> **WORK ORDER**: Your task is to print all of the data below exactly, with no pictures included.

> **DATASET EXCERPT**:
- - - -
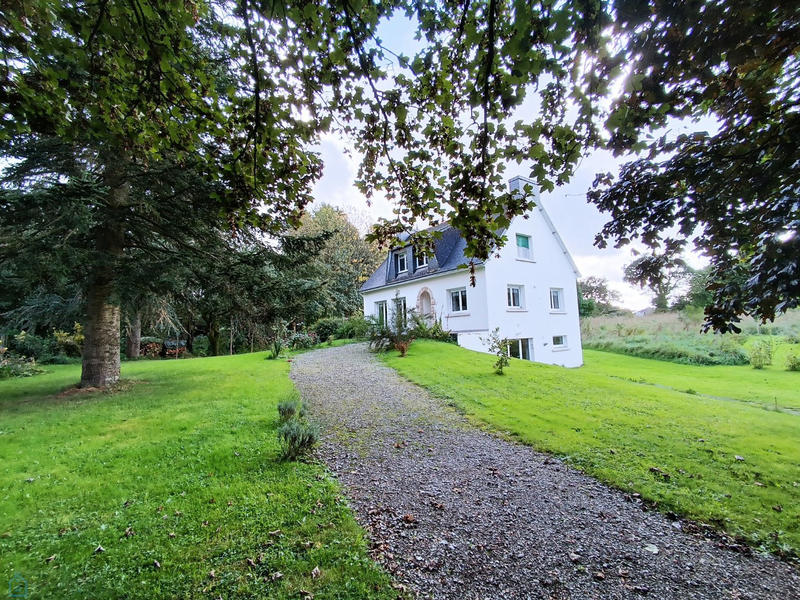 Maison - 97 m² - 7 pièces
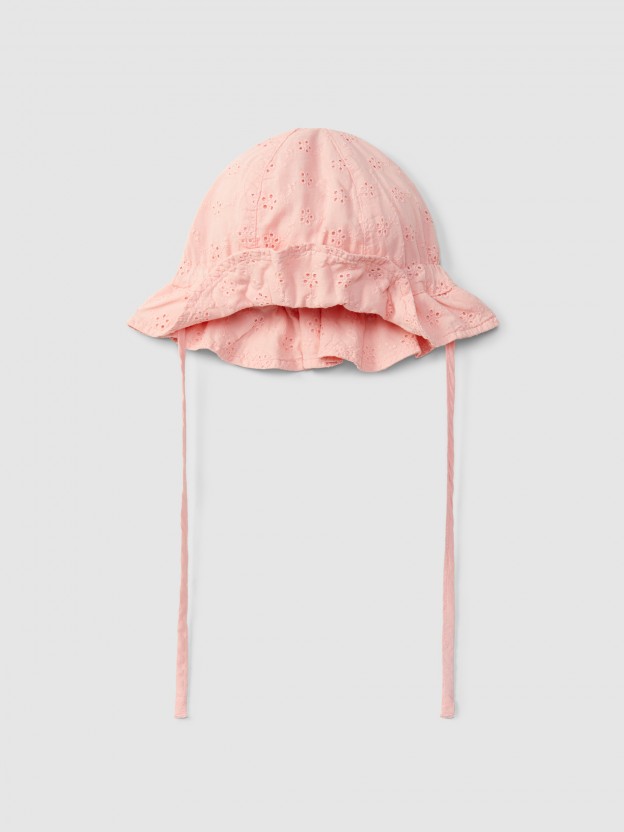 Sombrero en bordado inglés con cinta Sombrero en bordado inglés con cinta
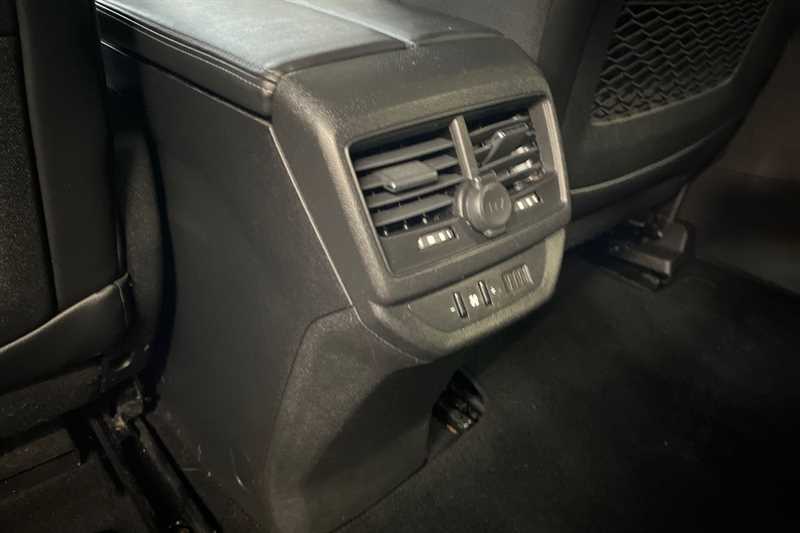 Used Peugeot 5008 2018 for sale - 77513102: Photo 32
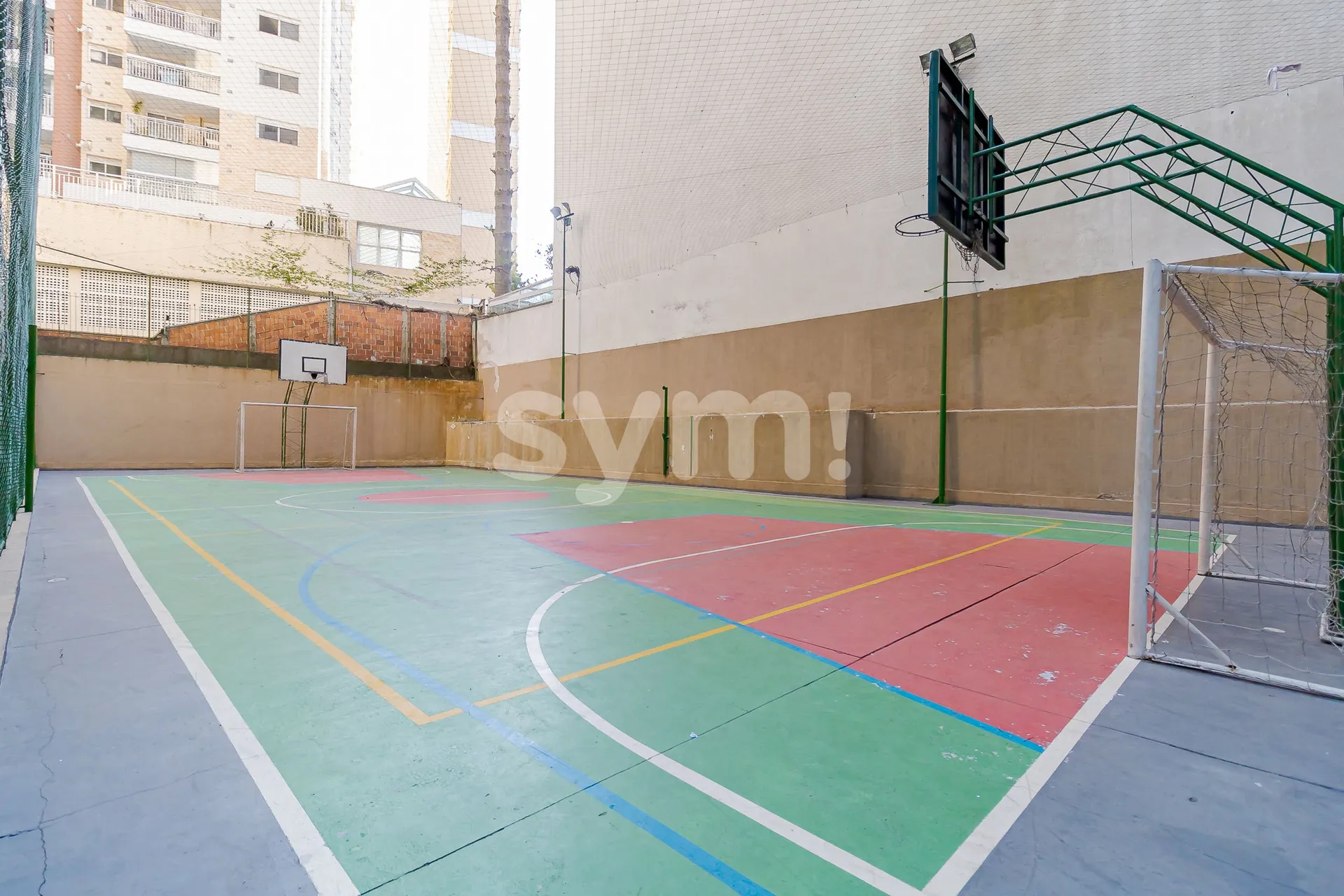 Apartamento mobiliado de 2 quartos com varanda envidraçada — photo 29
- - - -
> **ANSWER BOX**:
 Maison - 97 m² - 7 pièces
 Sombrero en bordado inglés con cinta Sombrero en bordado inglés con cinta
 Used Peugeot 5008 2018 for sale - 77513102: Photo 32
 Apartamento mobiliado de 2 quartos com varanda envidraçada — photo 29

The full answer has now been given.